WORK REQUEST -> Down to the final line, write out the data below exactly.

PROVIDED DATA ->
● ● ●
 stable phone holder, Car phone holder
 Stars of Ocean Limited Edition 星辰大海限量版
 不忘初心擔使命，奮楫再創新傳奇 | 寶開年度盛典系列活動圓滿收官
● ● ●
EXERCISE ANSWER ->
 stable phone holder, Car phone holder
 Stars of Ocean Limited Edition 星辰大海限量版
 不忘初心擔使命，奮楫再創新傳奇 | 寶開年度盛典系列活動圓滿收官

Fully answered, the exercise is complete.